_YOUR ASSIGNMENT:_ Find "New Blue Black" in the data, then restate the line it sits in and every later line word for word, ending with the last line.

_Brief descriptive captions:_
════
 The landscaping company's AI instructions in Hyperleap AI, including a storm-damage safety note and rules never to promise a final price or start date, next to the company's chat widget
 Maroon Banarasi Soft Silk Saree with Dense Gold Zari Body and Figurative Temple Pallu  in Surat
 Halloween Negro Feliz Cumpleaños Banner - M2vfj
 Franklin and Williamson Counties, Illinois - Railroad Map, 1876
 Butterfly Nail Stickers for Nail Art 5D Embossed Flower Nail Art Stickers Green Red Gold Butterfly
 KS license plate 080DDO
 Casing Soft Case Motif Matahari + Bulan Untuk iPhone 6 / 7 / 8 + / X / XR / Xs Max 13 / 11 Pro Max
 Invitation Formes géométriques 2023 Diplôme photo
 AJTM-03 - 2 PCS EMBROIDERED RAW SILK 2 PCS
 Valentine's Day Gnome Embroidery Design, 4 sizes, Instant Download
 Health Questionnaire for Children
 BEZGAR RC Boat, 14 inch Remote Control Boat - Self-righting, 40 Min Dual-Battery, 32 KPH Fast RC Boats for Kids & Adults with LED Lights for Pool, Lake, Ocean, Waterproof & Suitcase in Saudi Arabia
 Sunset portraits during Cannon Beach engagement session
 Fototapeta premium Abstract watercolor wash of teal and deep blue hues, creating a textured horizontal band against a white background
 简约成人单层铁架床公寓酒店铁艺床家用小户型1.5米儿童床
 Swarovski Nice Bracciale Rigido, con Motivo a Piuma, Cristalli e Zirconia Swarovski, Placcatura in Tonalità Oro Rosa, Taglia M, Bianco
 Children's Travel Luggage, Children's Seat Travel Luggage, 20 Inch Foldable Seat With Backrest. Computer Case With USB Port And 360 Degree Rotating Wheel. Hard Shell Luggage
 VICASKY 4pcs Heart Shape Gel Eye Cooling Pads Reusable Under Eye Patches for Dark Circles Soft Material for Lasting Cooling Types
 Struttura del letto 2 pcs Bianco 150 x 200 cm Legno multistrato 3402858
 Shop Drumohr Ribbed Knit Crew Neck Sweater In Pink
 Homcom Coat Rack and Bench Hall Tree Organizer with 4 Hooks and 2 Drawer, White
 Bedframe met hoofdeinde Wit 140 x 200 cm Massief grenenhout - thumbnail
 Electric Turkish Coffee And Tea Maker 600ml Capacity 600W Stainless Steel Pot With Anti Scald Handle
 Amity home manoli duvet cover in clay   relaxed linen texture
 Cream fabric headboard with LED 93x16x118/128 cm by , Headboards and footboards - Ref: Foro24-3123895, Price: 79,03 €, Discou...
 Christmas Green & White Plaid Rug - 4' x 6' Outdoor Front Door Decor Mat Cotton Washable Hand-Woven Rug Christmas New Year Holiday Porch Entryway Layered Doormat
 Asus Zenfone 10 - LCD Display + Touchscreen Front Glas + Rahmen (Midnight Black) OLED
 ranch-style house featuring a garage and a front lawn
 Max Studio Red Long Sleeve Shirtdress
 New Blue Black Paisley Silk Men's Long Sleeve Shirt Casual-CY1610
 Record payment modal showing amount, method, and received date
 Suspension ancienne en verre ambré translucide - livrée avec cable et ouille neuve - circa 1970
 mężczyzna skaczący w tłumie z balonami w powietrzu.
════
_WRITTEN REPLY:_
 New Blue Black Paisley Silk Men's Long Sleeve Shirt Casual-CY1610
 Record payment modal showing amount, method, and received date
 Suspension ancienne en verre ambré translucide - livrée avec cable et ouille neuve - circa 1970
 mężczyzna skaczący w tłumie z balonami w powietrzu.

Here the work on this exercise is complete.